But, aside from leaving, there is something you might try. It is a fact that you will learn more about a subject by trying to teach it. If you are comfortable with it, tell the teacher that you already know and have experience with much/most/all of the material in the course and that you are bored. You could either suggest more and different material for learning from the prof, or, the more interesting case, offer to help those who struggle with the material to come up to speed. You will get a deeper understanding with either method if you can get buy-in from the prof. A flipped classroom makes this last solution fairly easy to do. You become a TA-lite, so to speak, wandering around and helping people get over blocks.

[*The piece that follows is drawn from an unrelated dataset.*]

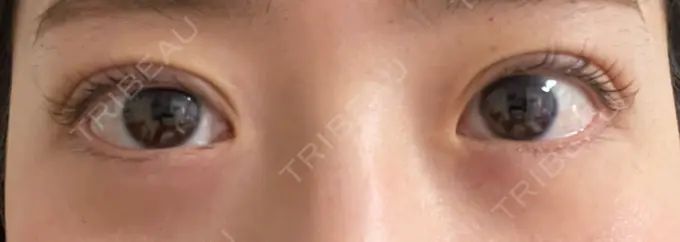 二重埋没 湘南美容クリニック 京都院 DAY 4 メイン用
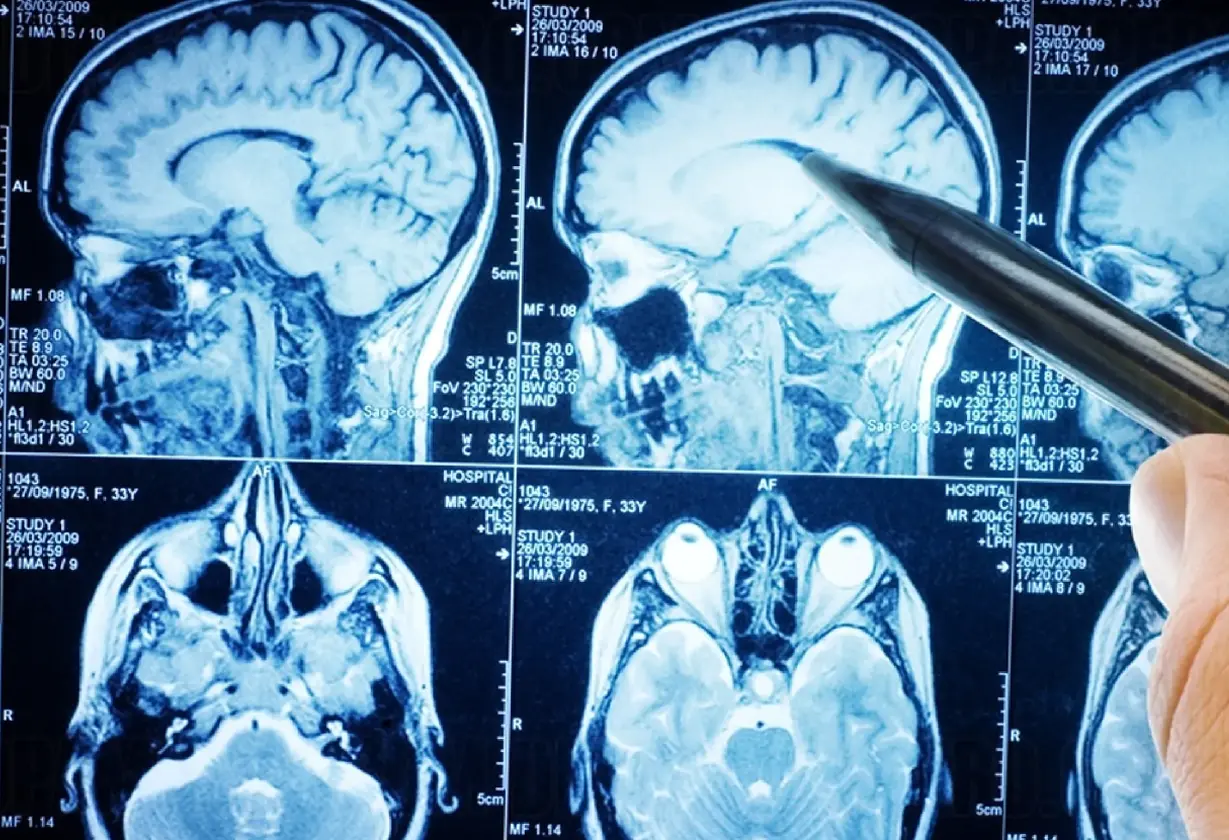 cerebro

But, for a more systemic solution, you and the others in a similar situation might try to meet with the department head and maybe a few faculty and ask for a solution to your joint problem. One solution is to allow testing out of some of the early courses. Another is to have a single "honors" section that people could test in to and which might cover material from several of the early courses in a single course. This would put the students into advanced courses earlier than otherwise, but would take some faculty resources. But if the honors course was also "seminar-like" where the students prepare and present material it would be valuable for all and require less of a load on the faculty.

But, I think that complaining isn't going to get you far. Pointing out a problem and asking for a solution is much better, especially, but not necessarily, if you can provide suggestions for the outline of the solution. And collective action here is more likely to be successful than acting on your own.

I'll also suggest that you prof may be just as frustrated as you are. I know I would be and would be searching for solutions.